The official said some of the wells will have U-shaped profiles, while most will have horizontal sections to maximize production from Njord's complex reservoir.

Aasgard

This year Statoil and Norwegian independent Saga Petroleum AS have been progressing development of three oil and gas fields in the Norwegian Sea, which are seen as key to opening the gas reserves of the area.

Aasgard development will bring onto production three fields: Smoerbukk and South Smoerbukk in Block 6506/12, and Midgard in Block 6407/2.

In March Statoil hiked its estimate of oil reserves in the Smoerbukk discovery, based on results of an appraisal well, to 553 million bbl from 289 million bbl earlier.

This took estimated total reserves for the Aasgard development to 792 million bbl of oil and 198 billion cu m of gas. The reserves hike did little to change the development proposal, for which Statoil was studying floaters and fixed platforms for a two platform development (OGJ, Jan. 23, p. 17).

In June Statoil announced oil production in Aasgard will be handled by a production ship. A decision on whether to produce gas through a concrete gravity base platform or a production semisubmersible has yet to be made.

Oil production is expected to begin in October 1998 from 20 wells, reaching a peak of about 220,000 b/d. Depending on a gas sales contract, gas production is expected to start in October 2000 at a rate of 12 billion cu m/year.

A total of 61 wells is planned for Aasgard: 41 in Smoerbukk field and 10 each in South Smoerbukk and Midgard. A pilot production well will be drilled next year to help fine-tune drilling plans for Smoerbukk, said to be a complex reservoir.

ETAP

In June BP Exploration let first contracts leading to development of seven North Sea oil and gas fields under its Eastern Trough Area Project (ETAP).

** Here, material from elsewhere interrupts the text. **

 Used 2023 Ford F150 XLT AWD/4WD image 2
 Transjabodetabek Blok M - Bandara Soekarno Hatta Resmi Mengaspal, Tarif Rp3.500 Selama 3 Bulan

The seven fields have total estimated reserves of 400 million bbl of oil, 65 million bbl of natural gas liquids, and 1.45 tcf of natural gas. Peak production is expected to be 200,000 b/d of oil and 580 MMcfd of gas.

ETAP involves development of BP's Mungo, Marnock, Machar, and Monan discoveries and the Heron, Skua, and Egret finds of Shell U.K. Ltd. Total development cost is expected to be more than 1 billion ($1.6 billion).

BP first announced plans to develop ETAP fields, which lie in the southeast corner of Quadrant 22 and in Quadrant 23, in May 1993. First production is slated for fourth quarter 1998.

Two years ago BP's Medan and Shell's Scoter discoveries were listed as development prospects (OGJ, May 17, 1993, p. 18). A BP official said these were not in the current development plan but could be brought in later.

The development will comprise two small steel platforms in Block 22/24a Marnock field, one for processing and one housing utilities and accommodation, and an unmanned satellite platform in Block 23/16a Mungo.

Machar, Monan, Heron, Skua, and Egret fields will be developed with subsea production manifolds tied back to Marnock platform.

A BP spokesman said oil will be exported from Marnock to the Forties pipeline system tie-in on the Unity platform.

Gas export options were said to include a new pipeline to St. Fergus terminal north of Aberdeen, for which BP has started talks over landfall sites, and the Central Area Transmission System (CATS) pipeline operated by Amoco (U.K.) Ltd.

BP began a 10 month production test in Block 23/26a Machar field in 1994 by means of a subsea wellhead tied back to a semisubmersible rig converted for production.

Oil was produced directly into a shuttle tanker, and production was stopped while the tanker was away. The official said 7 million bbl of oil was produced from Machar during the trial (OGJ, May 23, 1994, p. 26).

BP has been involved in continuous discussions with U.K. Department of Trade & Industry over the development plan. The official said ETAP partners will seek approval of the development plan toward the yearend.

On June 15 BP announced contracts worth "tens of millions of pounds" for early design and engineering work on ETAP.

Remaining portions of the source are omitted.